An epidemiologic clinical and pathological study of basal cell epithelioma (BCE) in Razi Dermatological Hospital
Akhyani M,Ghaninezhad Ahary H,Safaie Naraghi Z,Rezaie A
Tehran University Medical Journal , 1998,
Abstract: Our purpose was demographic clinical and pathological aspect of BCE in patients seen in Razi Hospital, during a six-month period (75.8.12 to 76.2.12). Results: From the total 20000 patients, 103 cases of BCE were detected. (0.5%).

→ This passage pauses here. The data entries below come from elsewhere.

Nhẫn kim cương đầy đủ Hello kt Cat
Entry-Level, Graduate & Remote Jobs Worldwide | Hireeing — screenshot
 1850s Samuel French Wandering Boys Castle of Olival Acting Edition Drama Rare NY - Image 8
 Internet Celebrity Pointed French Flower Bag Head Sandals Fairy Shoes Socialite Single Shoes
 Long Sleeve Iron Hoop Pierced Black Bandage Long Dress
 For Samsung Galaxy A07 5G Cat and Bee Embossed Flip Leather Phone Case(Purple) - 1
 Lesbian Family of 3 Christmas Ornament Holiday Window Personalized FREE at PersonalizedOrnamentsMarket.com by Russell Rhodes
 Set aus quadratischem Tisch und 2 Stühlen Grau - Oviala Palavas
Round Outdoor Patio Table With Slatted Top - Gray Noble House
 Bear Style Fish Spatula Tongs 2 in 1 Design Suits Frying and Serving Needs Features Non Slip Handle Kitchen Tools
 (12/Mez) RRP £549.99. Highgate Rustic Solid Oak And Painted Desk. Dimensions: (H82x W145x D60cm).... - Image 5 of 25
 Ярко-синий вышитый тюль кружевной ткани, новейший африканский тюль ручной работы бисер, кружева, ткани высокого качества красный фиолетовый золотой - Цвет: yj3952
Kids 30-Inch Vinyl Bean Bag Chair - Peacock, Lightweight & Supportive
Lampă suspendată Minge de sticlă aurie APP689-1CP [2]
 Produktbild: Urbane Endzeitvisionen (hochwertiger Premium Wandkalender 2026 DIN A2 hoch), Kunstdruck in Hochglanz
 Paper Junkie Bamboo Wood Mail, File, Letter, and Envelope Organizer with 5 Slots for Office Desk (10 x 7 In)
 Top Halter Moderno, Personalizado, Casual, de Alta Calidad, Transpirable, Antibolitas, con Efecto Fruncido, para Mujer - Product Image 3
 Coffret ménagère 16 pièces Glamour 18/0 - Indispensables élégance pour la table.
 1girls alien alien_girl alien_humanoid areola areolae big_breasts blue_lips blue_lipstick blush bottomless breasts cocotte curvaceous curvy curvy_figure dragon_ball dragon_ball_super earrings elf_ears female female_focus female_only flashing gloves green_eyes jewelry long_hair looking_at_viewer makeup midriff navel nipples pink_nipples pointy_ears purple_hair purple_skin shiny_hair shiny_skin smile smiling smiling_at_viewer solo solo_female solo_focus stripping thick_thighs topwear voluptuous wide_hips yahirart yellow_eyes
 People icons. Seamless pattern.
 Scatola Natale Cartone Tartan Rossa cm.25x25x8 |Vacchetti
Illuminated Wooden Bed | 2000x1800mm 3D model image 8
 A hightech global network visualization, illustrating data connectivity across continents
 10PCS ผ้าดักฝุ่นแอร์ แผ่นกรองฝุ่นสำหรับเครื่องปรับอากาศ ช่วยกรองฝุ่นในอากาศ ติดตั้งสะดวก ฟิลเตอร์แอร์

The male female ratio was 1.71 BCE was more frequent in sixth decade. 40.8% of patients were fair skin (Type II), 54.4% tawny (Type III) and 4.9% brown (Type IV, V). 15.5% of patients had a past history of freckles and history of radiotherapy in childhood was present in 41.7% 89.3% had no history of acne and seborrhea. The scalp was the most common site of BCE. The most common clinical type was nodular BCE and solid BCE was the dominant histological feature. Conclusion: BCE was more common in male and fair skin patients with dry skin. In those having history of radiotherapy of the scalp, lesions were seen mostly on the scalp, forehead and neck: pigmented BCE was predominant in this group.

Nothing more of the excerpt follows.